External Debt Burdens and Economic Growth: A Vector Error Correction Approach from Nigeria
Journal Title: Journal of Economics, Finance and Management Studies - Year 2021, Vol 4, Issue 08
Abstract
This study examined the effect of external debt burden on the growth of Nigeria economy. Time series data was sourced from Central Bank of Nigeria Statistical Bulletin from 1986-2019. Nigeria real gross domestic was proxied for dependent variable while debt servicing; external debt stock, debt overhang, debt sustainability and crowd-out effect of external debt were proxies for independent variables. The study employed multiple regression models to estimate the relationship that exists between external debt burden indicators and Nigeria economic growth. Ordinary Least Square (OLS), Augmented Dickey Fuller Test, Johansen Co-integration test, normalized co-integrating equations, parsimonious vector error correction model and pairwise causality tests were used to conduct the investigations and analysis. The study findings revealed that 72 percent of the variations in Nigeria gross domestic products can be explained by the changes in external debt burden indicators.
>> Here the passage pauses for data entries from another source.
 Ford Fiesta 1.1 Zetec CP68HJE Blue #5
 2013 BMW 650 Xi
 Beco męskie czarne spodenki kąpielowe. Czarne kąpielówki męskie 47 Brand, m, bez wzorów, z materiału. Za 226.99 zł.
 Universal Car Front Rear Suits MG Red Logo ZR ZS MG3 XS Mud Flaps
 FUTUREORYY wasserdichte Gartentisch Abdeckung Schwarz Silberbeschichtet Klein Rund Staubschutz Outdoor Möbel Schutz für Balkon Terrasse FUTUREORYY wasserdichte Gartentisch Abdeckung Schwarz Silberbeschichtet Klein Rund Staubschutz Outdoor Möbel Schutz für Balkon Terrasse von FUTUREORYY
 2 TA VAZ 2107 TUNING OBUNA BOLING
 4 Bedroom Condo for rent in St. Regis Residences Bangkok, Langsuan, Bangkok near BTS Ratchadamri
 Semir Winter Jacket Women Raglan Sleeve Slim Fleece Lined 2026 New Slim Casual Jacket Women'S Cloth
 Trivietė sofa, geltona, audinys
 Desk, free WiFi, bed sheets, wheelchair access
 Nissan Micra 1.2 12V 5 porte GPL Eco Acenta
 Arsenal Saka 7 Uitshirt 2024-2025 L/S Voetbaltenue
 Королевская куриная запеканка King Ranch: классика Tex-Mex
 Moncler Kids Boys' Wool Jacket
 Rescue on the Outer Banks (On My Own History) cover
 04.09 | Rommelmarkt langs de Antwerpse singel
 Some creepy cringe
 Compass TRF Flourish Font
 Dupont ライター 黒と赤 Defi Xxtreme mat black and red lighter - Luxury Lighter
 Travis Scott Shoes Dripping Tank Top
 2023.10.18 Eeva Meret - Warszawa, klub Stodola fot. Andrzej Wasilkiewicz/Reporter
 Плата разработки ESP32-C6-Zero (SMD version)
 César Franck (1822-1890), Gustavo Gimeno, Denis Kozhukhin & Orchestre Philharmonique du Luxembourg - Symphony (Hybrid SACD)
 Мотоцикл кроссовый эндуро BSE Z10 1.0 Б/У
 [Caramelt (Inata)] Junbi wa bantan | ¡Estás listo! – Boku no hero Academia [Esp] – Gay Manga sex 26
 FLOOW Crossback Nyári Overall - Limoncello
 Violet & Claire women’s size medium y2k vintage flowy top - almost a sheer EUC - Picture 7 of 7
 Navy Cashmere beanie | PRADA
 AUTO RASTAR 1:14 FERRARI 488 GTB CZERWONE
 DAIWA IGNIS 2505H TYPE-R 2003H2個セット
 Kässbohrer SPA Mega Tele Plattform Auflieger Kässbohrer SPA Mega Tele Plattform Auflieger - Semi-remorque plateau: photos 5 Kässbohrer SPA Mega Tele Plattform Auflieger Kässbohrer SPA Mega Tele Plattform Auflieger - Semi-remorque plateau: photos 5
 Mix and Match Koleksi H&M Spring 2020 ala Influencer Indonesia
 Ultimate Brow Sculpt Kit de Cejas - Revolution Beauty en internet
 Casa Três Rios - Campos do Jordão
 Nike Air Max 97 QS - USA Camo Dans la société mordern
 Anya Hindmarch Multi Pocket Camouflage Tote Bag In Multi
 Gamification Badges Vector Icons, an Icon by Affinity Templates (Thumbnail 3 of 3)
The results indicated a negative coefficient with external debt stock and debt overhang while a positive coefficient with debt sustainability, debt servicing and crowd out effect of external debt on Nigeria gross domestic products. From the findings, the study concludes that external debt burdens significantly affect growth of Nigeria economy. We recommend that the fund borrowed should be effectively managed, the federal government should laydown guidelines in terms of defining the purpose, duration, moratorium requirements and commitments, negotiation among others including conditions for external debt loans. Government should initiate and develop policies that will address the fundamental causes of external debt.